— Task details —
Exclude the pictures and transcribe the rest of the data below exactly.

— Provided data —

──────────

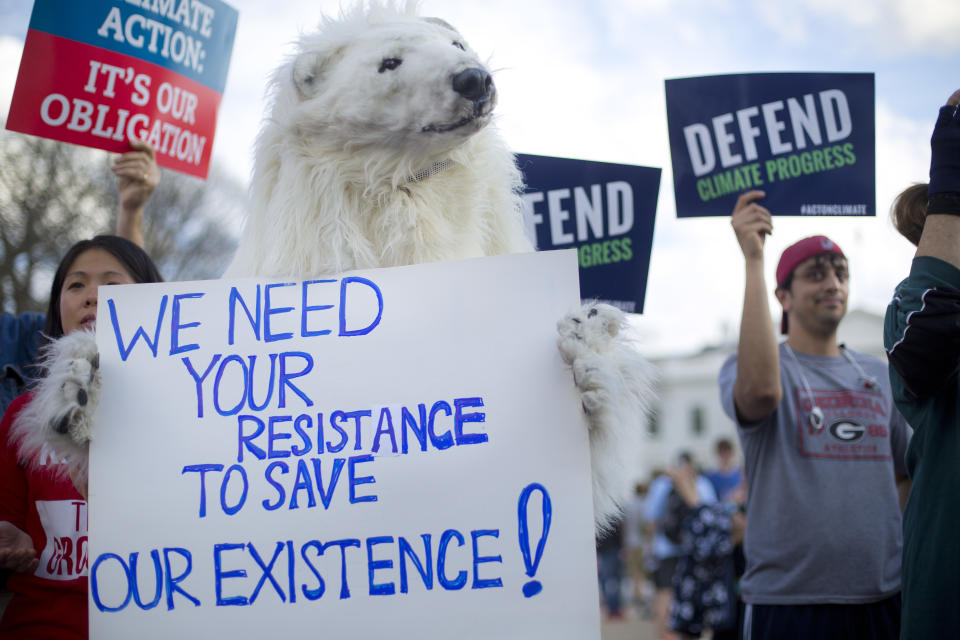 A demonstrator dressed as a polar bear in front of the White House, March 28, 2017, during a rally against President Trump’s Energy Independence Executive Order. (Photo: Pablo Martinez Monsivais/AP)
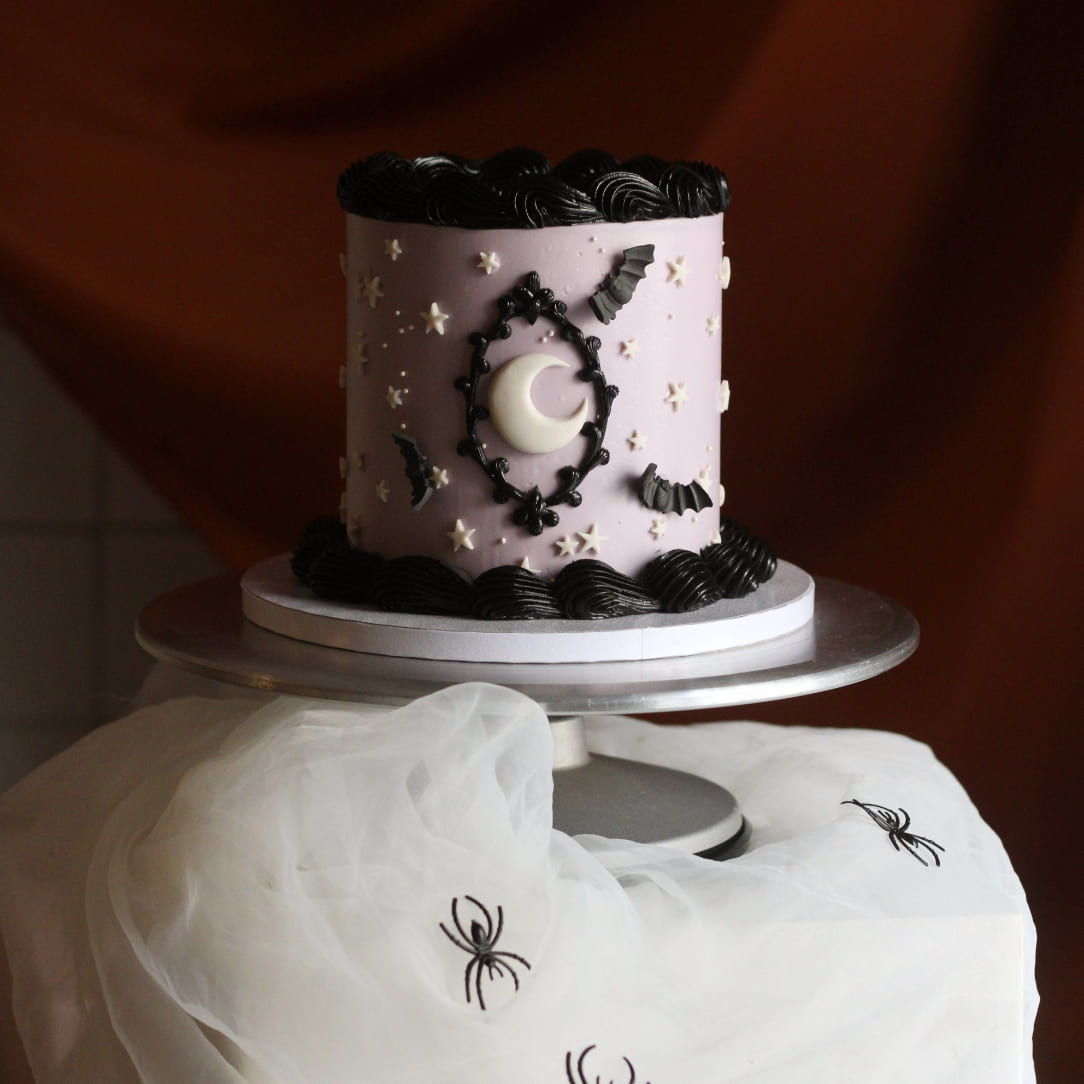 A delicious, creepy vintage cake decorated with night sky details on a spiderweb stand. Join our halloween cake decorating workshop in Berlin and learn to make that instagrammable cake yourself. A super fun activity for friends! Tolles To-Do in Berlin für alle Cake Lovers. Perfekt für deine nächste Halloween Party!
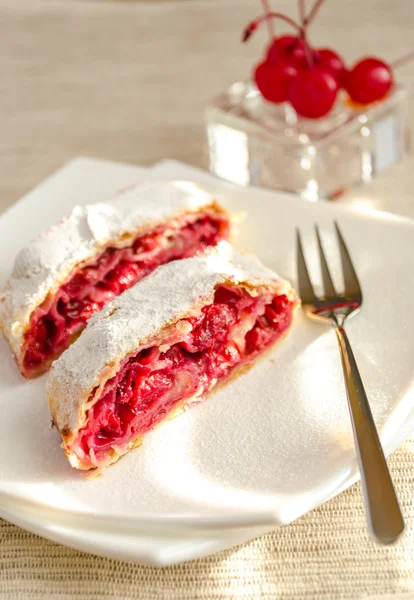 Cherry strudel on the square plate — Stock Photo, Image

──────────

— Response to the task —
 A demonstrator dressed as a polar bear in front of the White House, March 28, 2017, during a rally against President Trump’s Energy Independence Executive Order. (Photo: Pablo Martinez Monsivais/AP)
 A delicious, creepy vintage cake decorated with night sky details on a spiderweb stand. Join our halloween cake decorating workshop in Berlin and learn to make that instagrammable cake yourself. A super fun activity for friends! Tolles To-Do in Berlin für alle Cake Lovers. Perfekt für deine nächste Halloween Party!
 Cherry strudel on the square plate — Stock Photo, Image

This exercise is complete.